On 15 January 2014, the President of the RIAI wrote to me, and I understand to several other Ministers, seeking deferral of the implementation of the Regulations. I refer to the reply given to Questions Nos. 137 and 138 dated 12 February 2014 which deals comprehensively with the concerns raised in this correspondence.
On 5 February 2014 the Minister for Education and Skills wrote to me seeking that the planned implementation date of 1 March 2014 be deferred by at least 12 months, to ensure the planned school building programme is not put at risk.

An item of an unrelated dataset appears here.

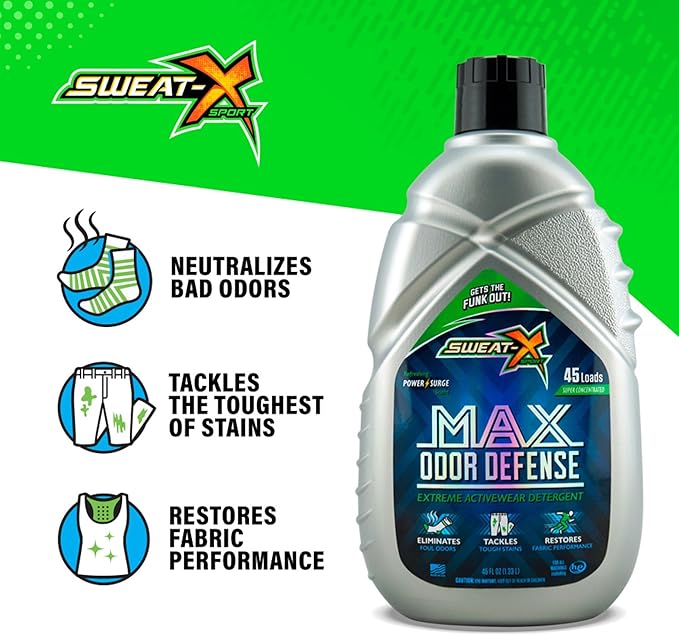 Sweat X Original Max Odor Defense Laundry Detergent – Remove the Worst Odors & Toughest Stains – High Performance Sports Wash for Training Gear & All Fabric Types – 45 Loads/Bottle – 4 Pack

My Department immediately consulted with relevant Departments/agencies represented on the Government Contracts Committee for Construction (GCCC), in relation to the implications of the Regulations for the public capital programme. Several Departments/Agencies, including the Department of Education and Skills, the National Development Finance Agency and the Health Services Executive, expressed concerns that the new requirements may cause delays in the Public Capital Programme. Large-scale public infrastructure projects, in particular, are prone to costly delays due to strict national and EU procurement rules which do not generally apply to private sector projects. Other agencies, notably the OPW, reported that the necessary arrangements were in place to administer contracts in accordance with the new requirements.
Following discussions at GCCC level, an oversight group will be established to deal with issues arising in the first twelve months of the new arrangements. This will ensure that a process is in place to signal at an early date, and resolve, any difficulties in relation to public capital programme projects and major investment projects.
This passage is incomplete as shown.